The Immoral Economy and Donald Trump’s Tax Returns

The Immoral Economy and Donald Trump’s Tax Returns October 7, 2016

By Rev. Jennifer Butler, CEO of Faith in Public Life

 

a katz / Shutterstock.com
a katz / Shutterstock.com

In response to public outcry over his newly revealed tax return, Trump responded that it was a smart move on his part to take advantage of a tax benefit for real estate investors that allowed him to write off twenty years in taxes, paying himself a handsome salary while stiffing his workers.

Our faith traditions teach us that this is not a smart move: it is a sinful move born of a broken economic system that too often fails to make the well-being of people its top priority.

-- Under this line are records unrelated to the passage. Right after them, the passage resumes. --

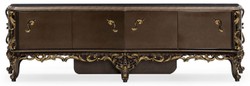 Casa Padrino armadio TV barocco di lusso marrone / oro - Magnifica credenza in legno massello con 4 ante - Mobile da soggiorno in stile barocco - Mobili barocchi - Nobile e Magnifico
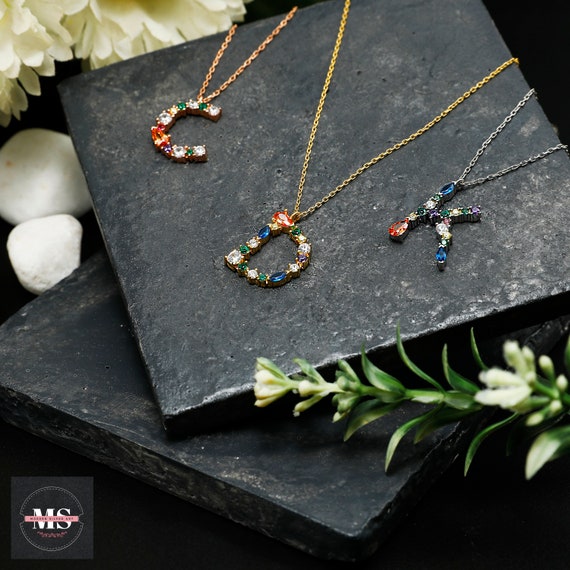 Personalized Multicolor Stone Initial Necklace colorful Big Letter Necklace personalized Gift Rainbow Necklace gold Necklace Colorful Etsy UK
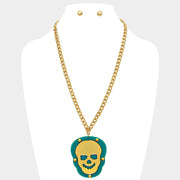 Skull rivet plate pendant necklace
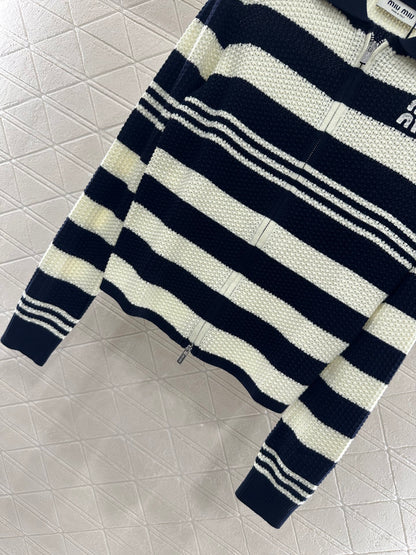 25fw Collar knit striped cardigan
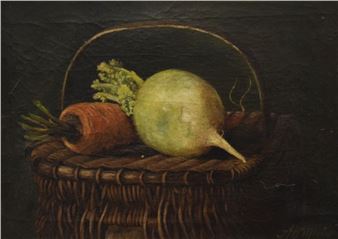 Still-life with hamper and vegetables - Alfred Mortimer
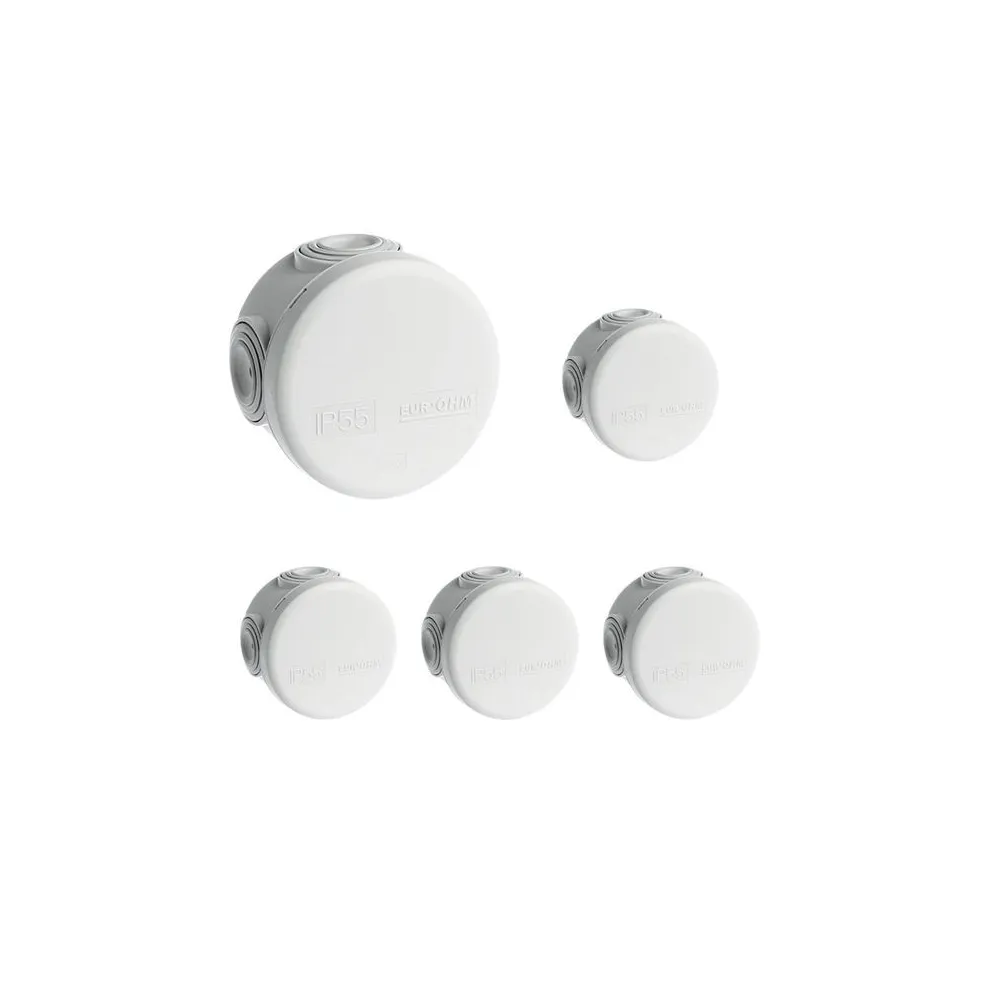 Lot de 5 Boîtes de dérivation étanches IP55 rondes diamètre 60x40mm 960° EUR'OHM 50001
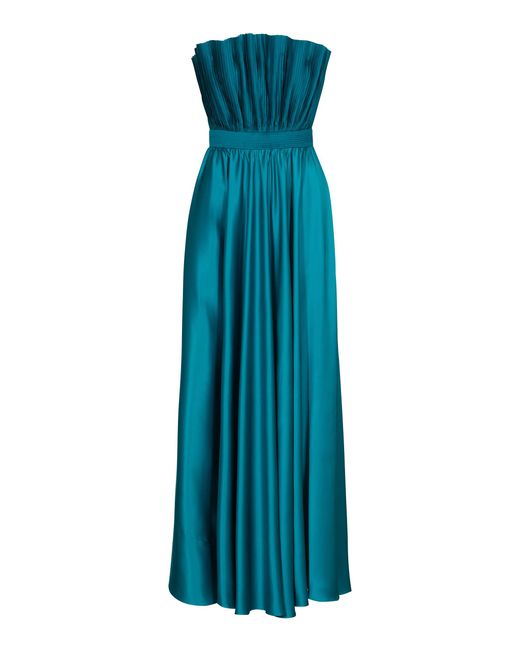 ANDRES OTALORA Blue Cocora Pleated Silk Gown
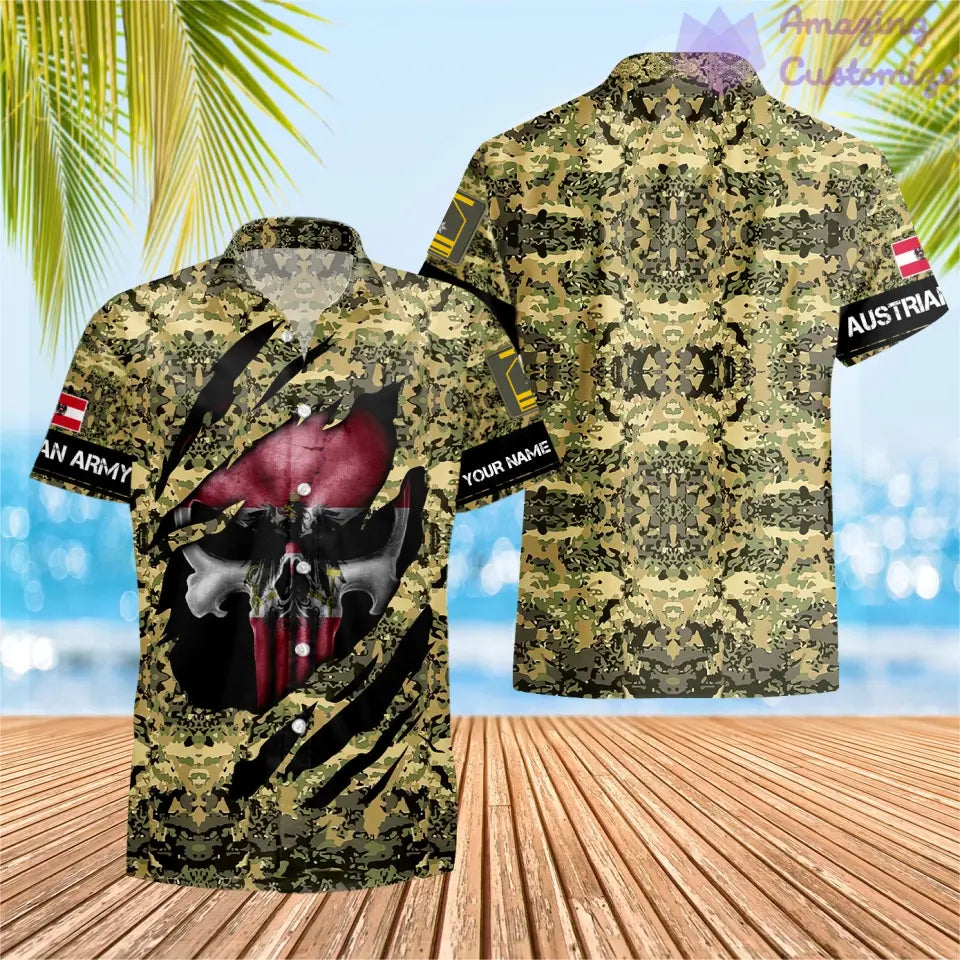 Personalisiertes Österreichischer Soldat/Veteran mit Namen und Rang T-Shirt 3D Rundumdruck - 08042402QA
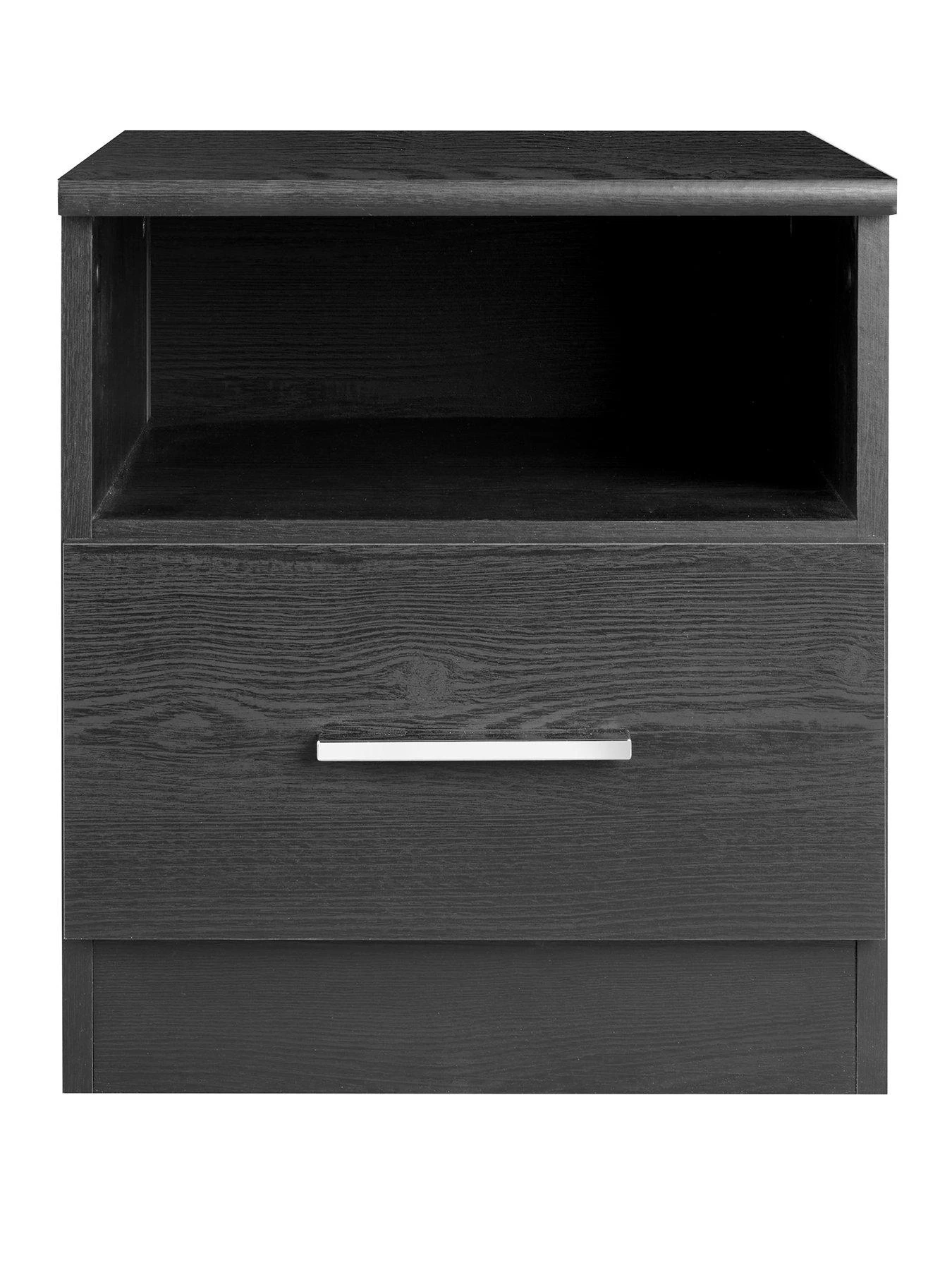Everyday Panama 1 Drawer Bedside Cabinet - Black - FSC® Certified 4 Everyday Panama 1 Drawer Bedside Cabinet - Black - FSC® Certified - Image 2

Americans do not think about economies or tax policies as moral issue but they are. Both the prophets and Jesus consistently critiqued practices that disadvantaged the poor. The Year of Jubilee in Leviticus was a set of laws that addressed growing inequality among God’s people. The prophet of Isaiah warned his people: “Woe to those who enact evil statutes… so as to deprive the needy of justice and rob the poor of my people of their right (Isaiah 10:1-2).” Jesus echoed Isaiah when he said had come to bring good news to the poor, freedom to the oppressed and proclaim the year of the Jubilee (Luke 4).

Contrary to biblical teaching, free-market advocates argue that the economy is not a moral space, but one that relies on a free and fair market. Placing moral limits on the economy, they argue, would hinder this flourishing.

But the information revealed in Trump’s tax returns shows that the idea that the economy is governed by a free or amoral market is clearly naïve. Our economy is governed by unfair laws that benefit a few while harming many.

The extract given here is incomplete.